Foaming Sea

One of the features on the Moon is called Mare Spumans, or Foaming Sea. This image looks a little like photographs of the pockmarked surface of the Moon, but it’s just whipped dish soap and water in a Fiesta bowl. You can use the larger bubbles as magnifying lenses to see the bubbles beneath them in the froth.

Windeyes in Waiting

I remember learning about the parts of Pennsylvania bank barns, with their massive gray limestone walls with glassless slits, called “windeyes,” built into their sides for ventilation.

One of the pleasures of looking up words is discovering how fitting they can be.
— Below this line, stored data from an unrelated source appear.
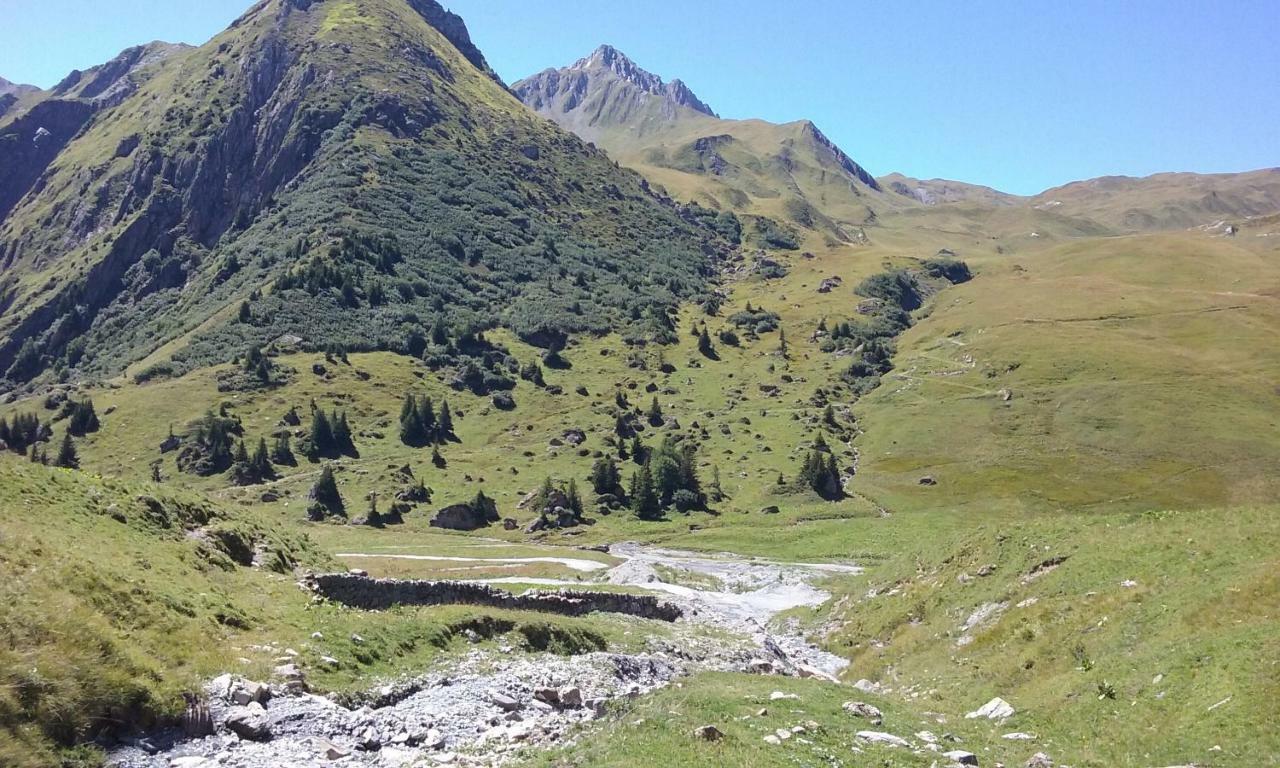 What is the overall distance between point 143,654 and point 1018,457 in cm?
12709

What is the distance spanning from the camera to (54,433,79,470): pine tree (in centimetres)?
13350

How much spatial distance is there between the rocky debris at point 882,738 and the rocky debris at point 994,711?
176 inches

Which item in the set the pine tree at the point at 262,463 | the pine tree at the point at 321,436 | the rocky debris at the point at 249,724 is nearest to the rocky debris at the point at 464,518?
the pine tree at the point at 262,463

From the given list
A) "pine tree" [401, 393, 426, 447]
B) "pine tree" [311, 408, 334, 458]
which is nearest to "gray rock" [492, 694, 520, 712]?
"pine tree" [311, 408, 334, 458]

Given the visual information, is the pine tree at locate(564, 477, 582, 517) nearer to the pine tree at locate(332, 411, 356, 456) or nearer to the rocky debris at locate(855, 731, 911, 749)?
the pine tree at locate(332, 411, 356, 456)

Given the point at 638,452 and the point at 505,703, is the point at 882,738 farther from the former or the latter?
the point at 638,452

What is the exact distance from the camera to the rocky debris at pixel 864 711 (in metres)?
21.8

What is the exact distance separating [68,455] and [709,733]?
153000 millimetres

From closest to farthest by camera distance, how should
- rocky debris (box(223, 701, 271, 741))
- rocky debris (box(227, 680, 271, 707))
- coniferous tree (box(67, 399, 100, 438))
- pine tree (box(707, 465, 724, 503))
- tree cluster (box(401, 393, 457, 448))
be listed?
rocky debris (box(223, 701, 271, 741)) < rocky debris (box(227, 680, 271, 707)) < pine tree (box(707, 465, 724, 503)) < coniferous tree (box(67, 399, 100, 438)) < tree cluster (box(401, 393, 457, 448))

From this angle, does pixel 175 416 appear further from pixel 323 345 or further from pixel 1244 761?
pixel 1244 761

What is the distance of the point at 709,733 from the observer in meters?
17.2

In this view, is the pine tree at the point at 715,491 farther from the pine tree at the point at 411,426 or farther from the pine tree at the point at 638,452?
the pine tree at the point at 411,426

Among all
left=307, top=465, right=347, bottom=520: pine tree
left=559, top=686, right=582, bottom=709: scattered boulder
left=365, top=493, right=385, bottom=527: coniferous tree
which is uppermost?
left=559, top=686, right=582, bottom=709: scattered boulder

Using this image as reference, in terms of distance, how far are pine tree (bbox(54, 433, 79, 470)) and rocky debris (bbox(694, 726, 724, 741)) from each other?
14687 centimetres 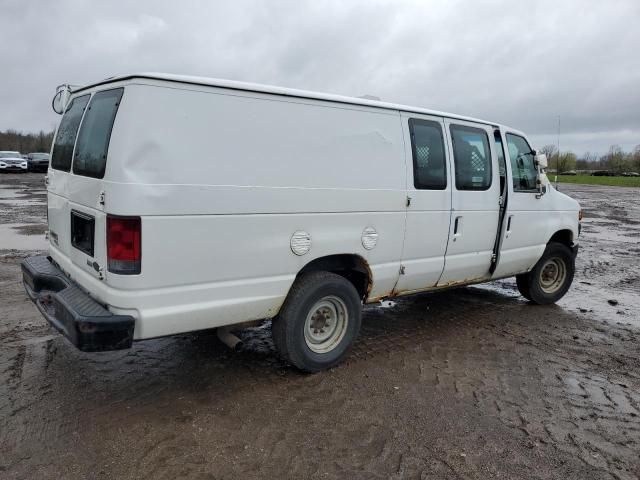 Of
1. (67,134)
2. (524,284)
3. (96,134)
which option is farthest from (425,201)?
(67,134)

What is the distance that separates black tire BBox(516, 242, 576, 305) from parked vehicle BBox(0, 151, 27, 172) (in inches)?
1500

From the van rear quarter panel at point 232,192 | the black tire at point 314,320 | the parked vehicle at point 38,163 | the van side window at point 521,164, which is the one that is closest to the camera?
the van rear quarter panel at point 232,192

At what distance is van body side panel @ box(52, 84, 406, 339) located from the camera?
3.39 m

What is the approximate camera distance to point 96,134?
12.5 ft

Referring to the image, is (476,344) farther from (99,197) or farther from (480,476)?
(99,197)

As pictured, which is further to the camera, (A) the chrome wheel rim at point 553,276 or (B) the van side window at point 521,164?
(A) the chrome wheel rim at point 553,276

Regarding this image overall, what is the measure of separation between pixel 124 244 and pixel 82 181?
0.83m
According to Dictionary.com, our word window has this history: Origin: 1175–1225; ME windoge, windowe < ON vindauga, equiv. to vindr wind + auga eye.

These windows on an old frame barn near our house gaze north from under aging and peeling brows, facing the cold north winds and awaiting the shedding of their panes, to turn them into true windeyes.

Reimagining Tuscany

One of my favorite childhood books ended with a character reading a book in which that same character was reading a book in which….

I didn’t know the term “recursion,” but the concept was a great toy for imaginative play, inspiring me to go the bathroom to noodle around with a hand mirror reflecting the wall mirror’s reflection of the hand mirror,’s reflection of the wall mirror, and so on.

This image is a digital play on the same theme, using an iSight Webcam, iChat, and my Nikon.